Thanks to everyone who attended our first in a series of TopBraid Enterprise Data Governance (EDG) webinars. We demonstrated how a standards-based approach to data governance supports the diversity and rate of change that define today’s complex data ecosystems. The webinar was very well attended with people coming from industries as varied as financial services, healthcare, publishing and manufacturing.

<< Click on image below for larger view >> During the webinar, attendees submitted several interesting questions. We were only able to answer a few of them during the webinar, so we’d like to address all of the questions here.

Questions about Data Governance and TopBraid EDG:

Q1: Data Lineage Tracking: How is the documentation in EDG connected to the programs/modules implementing these calculations, and how are changes tracked in EDG?

Programs, ETL scripts, etc. are described in the Technical Assets model. Lineage models are used when you want to describe how data flows across the enterprise in a more comprehensive way than, for example, saying that one data element is derived from another data element. In defining lineage, you would say that a particular data element or set of elements is a source for another data element or field in a report, and you would also capture what program performs this transformation or calculation. With this, one should think of a lineage as an overlay on top of the data assets and technical assets.

Q2: Do data assets also include documents (PDF, PPT files) so that you know EDG used data in included tables, figures?
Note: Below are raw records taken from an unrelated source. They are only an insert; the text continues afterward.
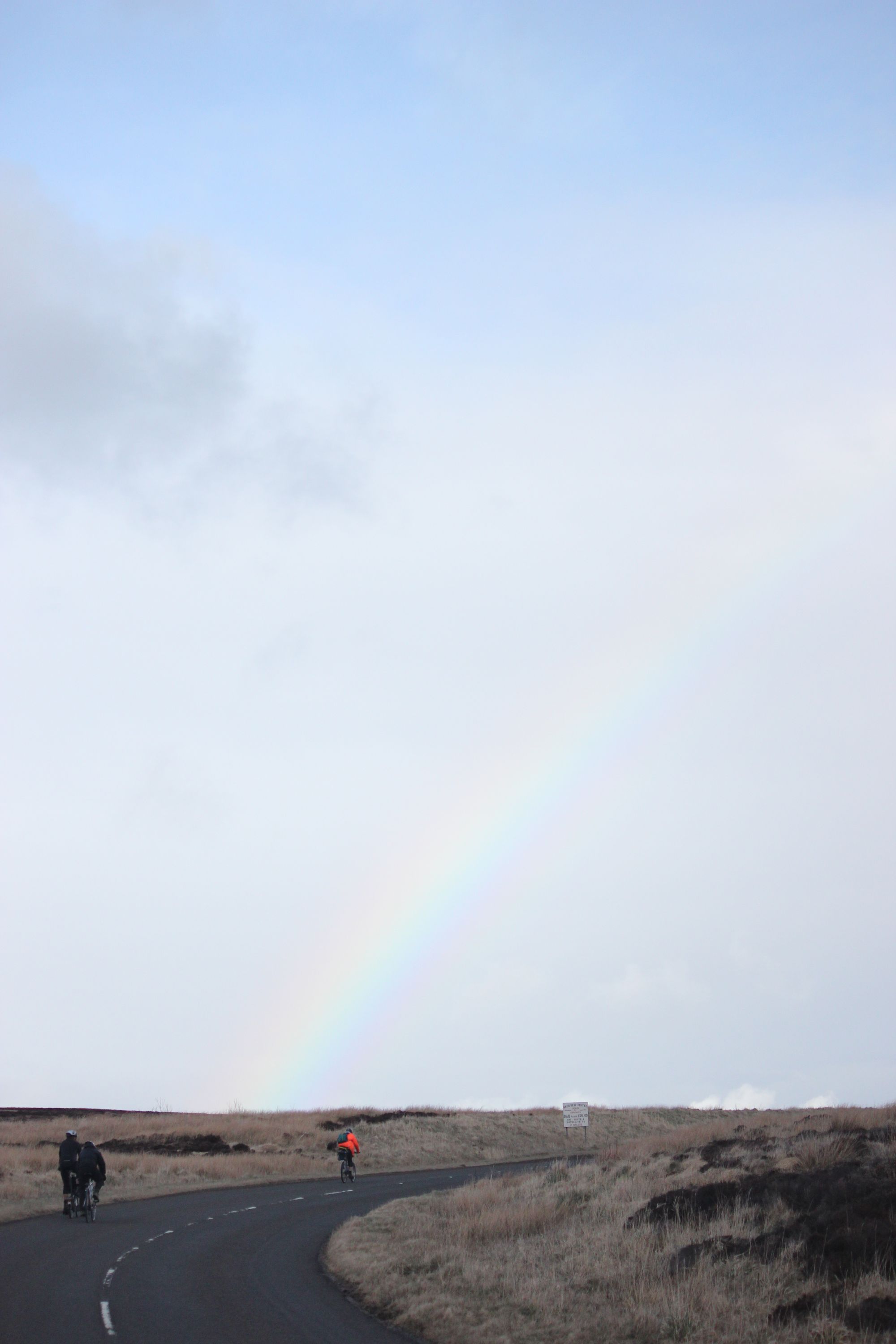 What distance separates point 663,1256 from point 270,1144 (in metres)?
44.9

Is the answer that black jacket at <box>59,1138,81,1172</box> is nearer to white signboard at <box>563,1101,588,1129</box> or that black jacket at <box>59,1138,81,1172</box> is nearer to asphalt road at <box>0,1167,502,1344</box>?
asphalt road at <box>0,1167,502,1344</box>

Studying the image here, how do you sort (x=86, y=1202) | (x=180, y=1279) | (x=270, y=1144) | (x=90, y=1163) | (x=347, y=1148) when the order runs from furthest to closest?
(x=270, y=1144) < (x=347, y=1148) < (x=90, y=1163) < (x=86, y=1202) < (x=180, y=1279)

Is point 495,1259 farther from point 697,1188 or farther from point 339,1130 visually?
point 339,1130

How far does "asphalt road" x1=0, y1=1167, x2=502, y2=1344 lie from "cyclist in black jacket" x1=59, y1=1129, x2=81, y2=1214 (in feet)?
1.83

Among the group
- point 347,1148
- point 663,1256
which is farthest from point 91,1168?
point 663,1256

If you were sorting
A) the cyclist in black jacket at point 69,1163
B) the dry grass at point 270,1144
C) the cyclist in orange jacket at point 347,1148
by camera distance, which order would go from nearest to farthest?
the cyclist in black jacket at point 69,1163
the dry grass at point 270,1144
the cyclist in orange jacket at point 347,1148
Data assets are primarily about structured data sources. They describe technical metadata such as databases, tables, columns, datasets and dataset schemas. They could also describe logical models. Enterprise assets have support for capturing documents and metadata about them. Having said this, you can easily extend the scope of the data asset model. You can create a new entity (class) that should be a part of the data assets and model any properties it should have.

Q3: Can you connect physical assets to glossary terms by batch?
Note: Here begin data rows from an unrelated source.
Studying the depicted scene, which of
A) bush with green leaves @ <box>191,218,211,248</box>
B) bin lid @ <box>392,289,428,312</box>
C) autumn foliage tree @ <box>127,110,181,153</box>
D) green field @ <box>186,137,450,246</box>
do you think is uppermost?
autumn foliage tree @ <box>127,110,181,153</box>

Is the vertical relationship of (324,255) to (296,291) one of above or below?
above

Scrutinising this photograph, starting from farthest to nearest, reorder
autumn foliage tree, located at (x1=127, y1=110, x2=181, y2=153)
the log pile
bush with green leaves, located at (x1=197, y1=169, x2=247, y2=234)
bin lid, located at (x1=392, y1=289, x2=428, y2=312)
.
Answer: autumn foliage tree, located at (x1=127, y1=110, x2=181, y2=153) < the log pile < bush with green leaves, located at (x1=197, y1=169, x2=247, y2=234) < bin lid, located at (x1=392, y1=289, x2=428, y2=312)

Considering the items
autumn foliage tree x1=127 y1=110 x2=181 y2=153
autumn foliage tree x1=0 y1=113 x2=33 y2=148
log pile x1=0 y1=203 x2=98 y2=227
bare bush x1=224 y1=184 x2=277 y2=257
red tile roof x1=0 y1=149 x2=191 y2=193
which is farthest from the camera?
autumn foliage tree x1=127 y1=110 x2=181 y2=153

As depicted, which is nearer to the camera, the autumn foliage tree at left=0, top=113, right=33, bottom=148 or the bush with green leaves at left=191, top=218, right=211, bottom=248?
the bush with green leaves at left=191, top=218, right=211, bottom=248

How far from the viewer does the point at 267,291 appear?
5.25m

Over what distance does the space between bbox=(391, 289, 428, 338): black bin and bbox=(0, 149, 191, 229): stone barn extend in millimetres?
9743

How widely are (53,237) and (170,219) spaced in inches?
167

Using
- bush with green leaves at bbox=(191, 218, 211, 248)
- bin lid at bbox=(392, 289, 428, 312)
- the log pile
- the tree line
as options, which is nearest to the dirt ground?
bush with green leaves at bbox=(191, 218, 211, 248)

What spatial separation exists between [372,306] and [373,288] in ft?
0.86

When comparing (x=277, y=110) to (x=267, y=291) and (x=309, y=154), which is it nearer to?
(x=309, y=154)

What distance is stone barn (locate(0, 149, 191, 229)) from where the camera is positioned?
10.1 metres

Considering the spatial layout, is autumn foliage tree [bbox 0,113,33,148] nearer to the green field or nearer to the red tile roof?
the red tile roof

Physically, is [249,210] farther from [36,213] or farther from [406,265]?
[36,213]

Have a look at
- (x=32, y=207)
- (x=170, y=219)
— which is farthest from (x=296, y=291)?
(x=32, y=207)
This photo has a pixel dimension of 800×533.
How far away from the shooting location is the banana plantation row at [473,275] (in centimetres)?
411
Yes, any relationship can be updated using a batch update.

Q4: Can you assign different stewards (compliance steward, technical steward, etc.) to specific types of metadata?
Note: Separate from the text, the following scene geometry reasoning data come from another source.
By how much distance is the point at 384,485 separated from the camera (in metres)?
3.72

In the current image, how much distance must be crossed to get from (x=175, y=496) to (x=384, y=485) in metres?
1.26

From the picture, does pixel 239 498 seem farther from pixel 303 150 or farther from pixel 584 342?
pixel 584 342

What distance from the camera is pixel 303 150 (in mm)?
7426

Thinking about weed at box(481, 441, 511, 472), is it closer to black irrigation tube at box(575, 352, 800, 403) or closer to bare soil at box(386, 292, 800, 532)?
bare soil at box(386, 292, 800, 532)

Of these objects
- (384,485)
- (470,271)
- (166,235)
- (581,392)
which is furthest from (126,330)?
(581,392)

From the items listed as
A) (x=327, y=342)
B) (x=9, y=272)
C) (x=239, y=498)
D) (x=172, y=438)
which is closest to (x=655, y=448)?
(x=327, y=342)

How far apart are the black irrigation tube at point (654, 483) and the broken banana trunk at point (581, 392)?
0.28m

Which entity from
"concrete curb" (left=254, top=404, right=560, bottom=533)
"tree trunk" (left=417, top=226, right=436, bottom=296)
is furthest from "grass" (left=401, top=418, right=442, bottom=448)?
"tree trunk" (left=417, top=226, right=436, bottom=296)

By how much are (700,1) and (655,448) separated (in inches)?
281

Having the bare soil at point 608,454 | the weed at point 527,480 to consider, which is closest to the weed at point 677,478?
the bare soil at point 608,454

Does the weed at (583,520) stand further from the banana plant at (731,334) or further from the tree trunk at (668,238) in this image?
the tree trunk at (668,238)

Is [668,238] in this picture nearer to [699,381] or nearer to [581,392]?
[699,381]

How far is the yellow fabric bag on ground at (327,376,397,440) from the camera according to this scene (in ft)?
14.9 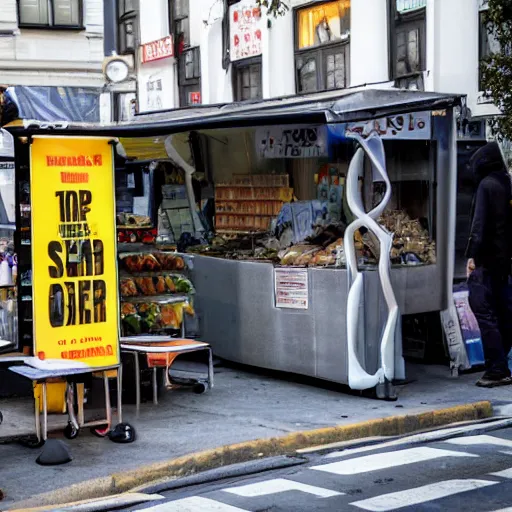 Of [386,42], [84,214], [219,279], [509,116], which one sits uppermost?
[386,42]

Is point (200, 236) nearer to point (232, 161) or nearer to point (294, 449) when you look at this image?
point (232, 161)

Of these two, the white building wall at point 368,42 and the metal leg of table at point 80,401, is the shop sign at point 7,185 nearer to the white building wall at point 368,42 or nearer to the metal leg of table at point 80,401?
the metal leg of table at point 80,401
As we have shown in the webinar, EDG models can be easily modified or extended. There are no pre-built relationships that support saying that a given resource “has a compliance” steward and “has a technical” steward. There is only a “has steward” relationship, but this is a good example of an extension an organization may want to do.

Q5: What ontologies come with the product out of the box?

The only ontologies that are required are those that describe the different assets managed by EDG.

We also ship a few examples, such as FIBO, so that users have something to experiment with. If there is any ontology you would like to include, doing this is very easy with EDG. You simply go to the Ontologies page in the Navigator and click on “Create New.” Then, after creating it, you can load/import the ontology file into it.

Q6: Is the glossary built on SKOS?

Many of the SKOS properties are included in the definition of a glossary term, but there are also other properties that are not part of SKOS.

Q7: How easily can third-party reference data tools integrate (specifically Informatica MDM)?

If reference data is not held in TopBraid EDG, you have a number of options.

If you have a reference data management system and that system offers APIs, then you can connect through that. If there are no APIs, then you could simply say that “permissible values” are held by such-and-such system and add some text description to explain what they may be or how to look them up.

A similar approach would work in a case where there is no reference data management system per se and reference data is managed on an ad hoc, distributed basis.

Q8: How does the tool work with data modeling tools? Are the connections from the models to the physical assets automatic?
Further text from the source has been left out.